A Milano 250 persone questo pomeriggio, al Giardino Aristide Calderini, accanto alla scultura di Arnaldo Pomodoro dedicata alle vittime della violenza stradale, hanno partecipato alla performance artistica per commemorare le persone morte per scontri stradali. A Napoli, in piazzale Tecchio, questa mattina 250 persone hanno partecipato alla KidicalMass, una biciclettata ideata specificatamente per bambini e bambine e le loro famiglie, permettendo loro di vivere davvero la strada e in sicurezza. A Trento, questa mattina, in via Venezia, 80 persone hanno partecipato al presidio all’attraversamento pedonale dove lo scorso 28 settembre una ragazza è morta investita a grande velocità da un motociclista, anche lui deceduto. A Modena questa mattina, in via Emilia Ovest, 50 persone hanno organizzato un flash mob in ricordo delle vittime della strada. Ad Alessandria, questo pomeriggio, al Ponte Cittadella, 50 persone hanno partecipato al presidio in ricordo delle vittime del traffico stradale del territorio. A Rovigo, in piazza Vittorio Emanuele II, oggi 80 persone hanno partecipato alla manifestazione per commemorare le 22 persone morte sulle strade della provincia di Rovigo nel 2022.

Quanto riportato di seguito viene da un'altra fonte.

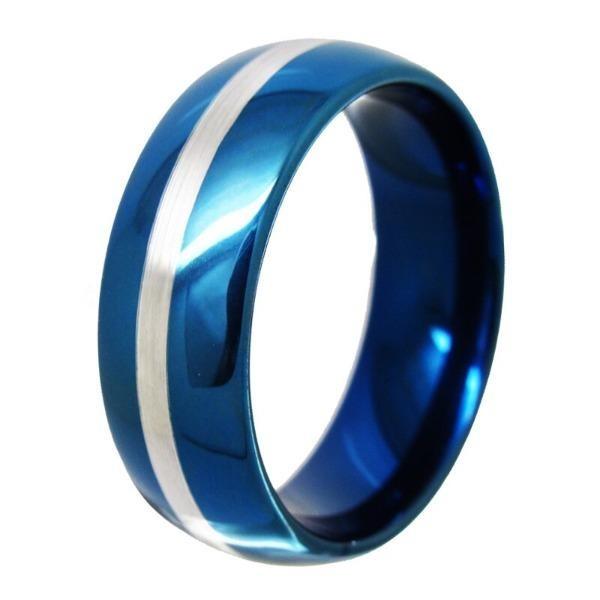 Tungsten 8mm Blue Matte Line Ring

A Cagliari, 100 persone hanno partecipato alla manifestazione che si è sviluppato in tre momenti, realizzando “passaggi pedonali umani” sulle strisce pedonali dove sono morte alcune persone, in via Dell’Abbazia, in via Is Mirrionis, in via Cadello.

“Come hanno chiesto tanti cittadini e cittadini oggi – ha dichiarato Stefano Guarnieri, papà di Lorenzo, investito da un automobilista, a Firenze, all’età di 17 anni – è necessario un cambio di mentalità da parte della politica e di chi amministra i Comuni, le Regioni e il Governo nazionale. Gli scontri stradali non sono frutto del caso o del destino, quindi non sono incidenti. Dietro ogni scontro grave ci sono sempre delle scelte e dei comportamenti sbagliati da parte delle persone o delle amministrazioni, come la velocità, la distrazione, “l’angolo cieco” dei TIR, le infrastrutture delle strade (passaggi pedonali, marciapiedi, piste ciclabili, etc) l’abuso di stupefacenti. Questi comportamenti – spiega Guarnieri – possono cambiare se i cittadini e chi governa capiscono che questa è una vera e propria emergenza sociale. Allora la sicurezza stradale diventerà davvero una priorità e non ci limiteremo solo alle “lacrime di coccodrillo” dopo ogni persona investita da un automobilista o un camionista. Serve un intervento integrato e persistente fatto di formazione continua, comunicazione trasparente ed efficace, regole, controlli, sanzioni adeguate, interventi infrastrutturali preventivi, mezzi ed equipaggiamenti più sicuri, si possono salvare tante vite umane”.